Jumping Into the Rabbit Hole
It was 2016 and we were feeling pretty good about things. The psychiatrist recommended an occupational therapist to use as a way to address our son’s up tick in outbursts. Within the last year the explosive tantrums were not occurring with the same frequency (yay), but when they did, they were fierce (nay).
And when they were fierce there were times I would get sad and sink into what I call the rabbit hole.
I would feel sorry for myself and lament that other families did not have to deal with this. I would allow myself 20 minutes in that hole. I personally think it’s OK and therapeutic. But, more than 20 minutes can get you lost in that darkness.
So that is my rule….20 minutes. (Grumpiness is not the same thing as the rabbit hole by the way)
After a full private OT evaluation we learned that our son’s internal make up was in total distress and his outbursts resulted from the chaos occurring inside his little body. We spoke with the occupational therapist, laid out a plan, began therapy and we immediately saw a difference in our boy. He was less anxious, more regulated and his moods were paced.
Sure, we would see a slight outburst, but each one came on less abruptly and we could talk him off the cliff…most times. So, we added another therapy to our weekly schedule (during intense periods these appointments are five days a week) and prayed that we would continue to see improvements. A huge sigh of relief…
Then I received a call one morning. Late morning. Daniel had a seizure. The news was so out of the spectrum of what I thought it could be that I just went into autopilot and drove to the school.
Our boy was still on the ground in his ninja costume when I arrived. Medics were around him as I approached.

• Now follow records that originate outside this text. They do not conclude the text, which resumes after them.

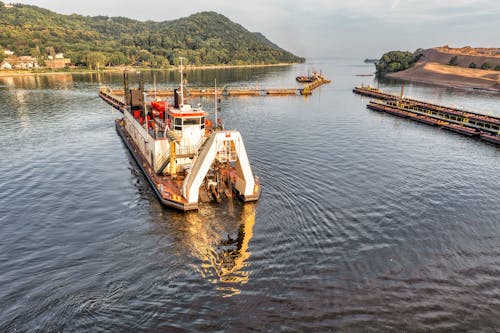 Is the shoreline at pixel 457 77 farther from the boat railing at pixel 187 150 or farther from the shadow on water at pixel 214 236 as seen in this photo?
the shadow on water at pixel 214 236

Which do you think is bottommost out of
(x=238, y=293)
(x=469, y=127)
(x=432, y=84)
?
(x=238, y=293)

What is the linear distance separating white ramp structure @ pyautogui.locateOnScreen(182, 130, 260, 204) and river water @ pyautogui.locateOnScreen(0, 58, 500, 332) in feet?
5.65

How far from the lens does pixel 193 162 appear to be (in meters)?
29.3

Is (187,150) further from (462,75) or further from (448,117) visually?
(462,75)

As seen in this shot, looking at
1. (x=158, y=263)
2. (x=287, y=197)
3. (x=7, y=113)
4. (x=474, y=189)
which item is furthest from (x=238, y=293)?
(x=7, y=113)

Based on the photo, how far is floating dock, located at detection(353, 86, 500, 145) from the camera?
200 ft

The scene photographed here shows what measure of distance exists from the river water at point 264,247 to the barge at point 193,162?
1598 mm

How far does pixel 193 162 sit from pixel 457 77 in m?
188

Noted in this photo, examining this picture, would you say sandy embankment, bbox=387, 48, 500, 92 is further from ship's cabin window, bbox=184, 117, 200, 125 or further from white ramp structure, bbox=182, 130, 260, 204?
ship's cabin window, bbox=184, 117, 200, 125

He was disoriented and confused. I knelt beside him and well…he started hitting me….a lot.
In addition to being scared, he saw me and believed that he would not be able to participate in the Halloween parade. That made him mad.
So, boarding the ambulance was great. Spending four hours in a hospital that did not provide pediatric care was better. Taking a second ambulance to Children’s Hospital was amazing. And waiting for a neurologist to tell us nothing was awesome.
We got to do it again when the second seizure occurred a week later. And the next one a couple days later until we were hitting five seizures a day. That was the start of our journey with epilepsy.
We are now eighteen months in and we are grateful to be seizure free for 30 days. We had a lot of appointments, EEGs, and an overnight stay in the hospital. We changed neurologists, and we were assigned a nurse to accompany our son to school. A lot of logistics, a lot of ups and downs.
Admittedly, I visited the rabbit hole…once or twice…maybe more. And that’s OK. We are on our sixth seizure medication and this one seems to be doing the trick. For now.
Behavior…check. Epilepsy…check. A huge sigh of relief….
And then it was onto the next thing.
It began with him not wanting to eat cheese, then yogurt. Both were staples in his diet, but we figured kids can become picky and decide to not like things – autism or not. Soon it was hot dogs, then pizza, chicken fingers and raisins. Dinners were spent crying or following our boy to the bathroom as he was gagging.
Finally, we were left with only four foods that did not prompt a negative reaction – waffles, rice, strawberries and Cheerios. It all happened so quickly. We interviewed sites for food therapy and decided on a program that would work for our son and our family.
So, we added five more therapies per week to our schedule. I felt defeated again and overwhelmed and it prompted a visit to the rabbit hole quite unexpectedly. I felt bad for me, for our family but most especially for our boy, who has to overcome ANOTHER obstacle.
Like really? When will it end? And I realized that it won’t. This is what a disability is…
Disabilities are permanent and challenges will occur unexpectedly and often. There will always be issues for our boy and once we tackle one, another will one will pop up. Truly recognizing and absorbing that reality for the first time was sad.
I think I am pretty late in the game to realize all this, but there is a huge learning curve with this autism thing.
So, that old rabbit hole got its 20 minutes early on this time so I could move on and help our boy tackle this new issue.
But, in full disclosure, I reserve the right to be grumpy…on occasion.
Written by, Kelly Colvin
Kelly is the mom of two fabulous children, one of whom is learning to adapt to life with autism and epilepsy. Kelly has extensive experience in the public, private and advocacy sectors in education that includes the U.S. Department of Education as well as the school districts of Philadelphia and Upper Darby. Professional as well as community work has led to established relationships with municipal, state and federal government leaders. You can follow her blog and learn more by visiting her website at SpecEd.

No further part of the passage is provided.